The newest kid on the block, the actively managed exchange-traded fund, claims to offer the best of both worlds – exchange-traded funds (ETFs) and traditional mutual funds. Sound great, doesn't it – put your money with an expert manager and still get low fees.
But is the actively managed ETF better?
It's still early days, but these the new kids present a real challenge to the traditional mutual funds.
ETFs are essentially funds that trade like a regular stock, and until recently have been “passive” – following the fortunes of the exchanges on which they are based, without human intervention.
The new actively managed ETFs will allow managers to change a limited number of positions a week, yet retain the advantages ETFs hold over mutual funds: much lower fees, trading during market hours, transparency of holdings, and tax efficiency.
I say “claims,” because it is really too early to tell. As the first active ETFs weren't available until March, 2008, there are still very few of them and they are still too new to say what kind of investment option they will turn out to be.
Despite the buzz, the actively traded ETF is still rare. According to Morningstar Inc., there are 848 passive ETFS in the United States and more than 100 in Canada. However, there are just over a dozen actively traded ETFs on offer in all of North America, with only a handful of them in Canada. At this point, a tiny fraction of the hundreds of billions of dollars invested in ETFs has been invested in actively managed ETFs.
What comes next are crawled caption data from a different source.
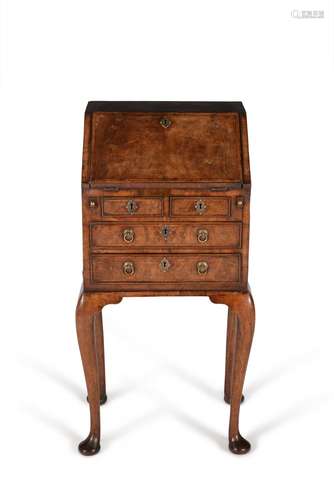 A George I walnut and crossbanded bureau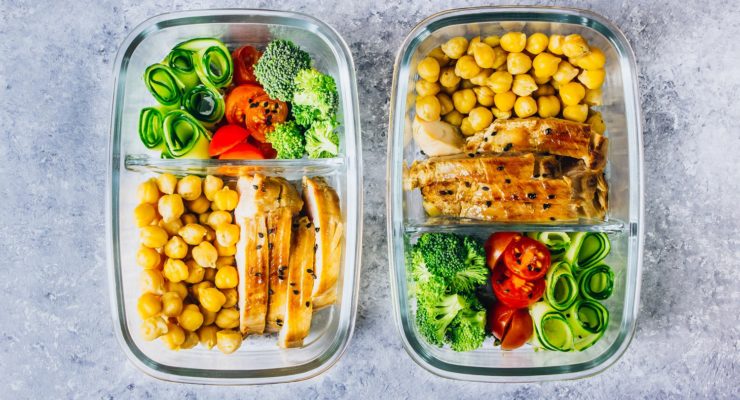 Healthy meal prep containers with chicken, chickpeas and fresh vegetables.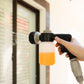 soap spray mixer with orange liquid soap being used to spray a window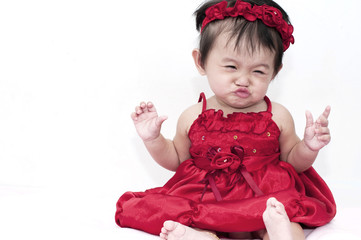 Little baby girl and her funny expression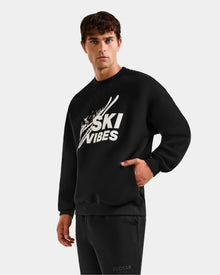 A young man in the Rudsak COLSON - M525501 Black men’s crewneck sweatshirt with SKI VIBES logo and ski graphics stands against a plain background, one hand in his pocket, exuding effortless après-ski style as he looks at the camera.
Ironically, one of the reasons ETFs have become so popular is that investors are looking for alternatives to managed mutual funds that have performed so poorly over the past couple of years, whatever the reputations of their managers.
At least one bank is buying into the idea that active management can be a plus by investing in the one Canadian company offering exclusively actively managed ETFs.
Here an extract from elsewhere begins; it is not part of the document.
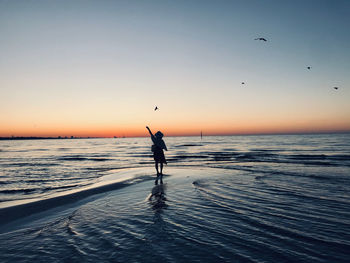 Silhouette man on beach against sky during sunset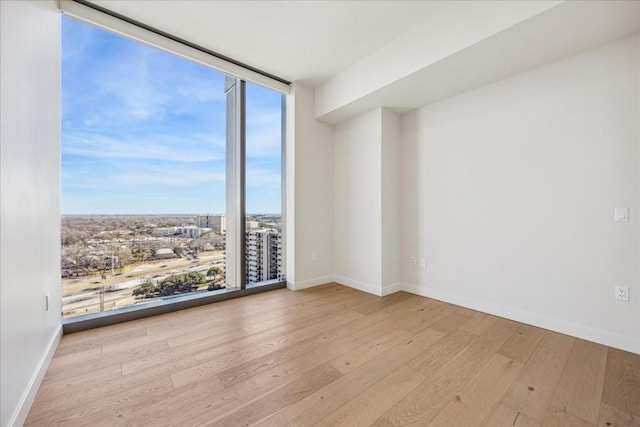 spare room with a wall of windows and light hardwood / wood-style floors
With the exception of a fund from Claymore Investments Inc., the Canadian funds are offered by AlphaPro Management Inc., a subsidiary of BetaPro Management Inc.
Earlier this month, National Bank Financial Group acquired 20 per cent of AlphaPro. Banks, of course, drove the success of mutual funds in Canada, and while the National Bank sale is just a toe in the water, the sale augurs well for the future of the actively managed ETF.
The two new AlphaPro funds feature high-profile, seasoned managers. The first actively managed ETF launched in Canada this past January was Horizons AlphaPro Managed S&P/TSX 60 ETF HAX-T . The aim is to achieve long-term capital growth by investing primarily in equities traded on the S&P/TSX 60. Investment analyst Ron Meisels (who also writes for the Globe and Mail each Saturday) is providing the management guidance for the fund. Mr. Meisels, based in Montreal, is a veteran technical analyst, famous for his 1995 prediction that the Dow would crack 10,000 in 2000. At the time he made his prediction, it was at 3,850. An industry survey ranked him among the Top 3 technical analysts for six consecutive years.
Another AlphaPro fund, Horizons AlphaPro Gartman Fund HAG.UN-T , provides investors with the opportunity to benefit from the strategies offered by Dennis Gartman and his respected daily newsletter, using equity securities, futures contracts and ETFs to provide long and short exposure to multiple asset classes. You may recognize Mr. Gartman; he is currently famous for dumping on Warren Buffett's investment strategy, calling the 45-per-cent loss in value of Mr. Buffet's Berkshire Hathaway BRK.A-N stock “inexcusable.” Mr. Gartman has been writing the daily Gartman Letter since 1986, and has publicly and volubly disagreed with the buy-and-hold diversified funds philosophy of mutual fund pioneers, such as John Vogel.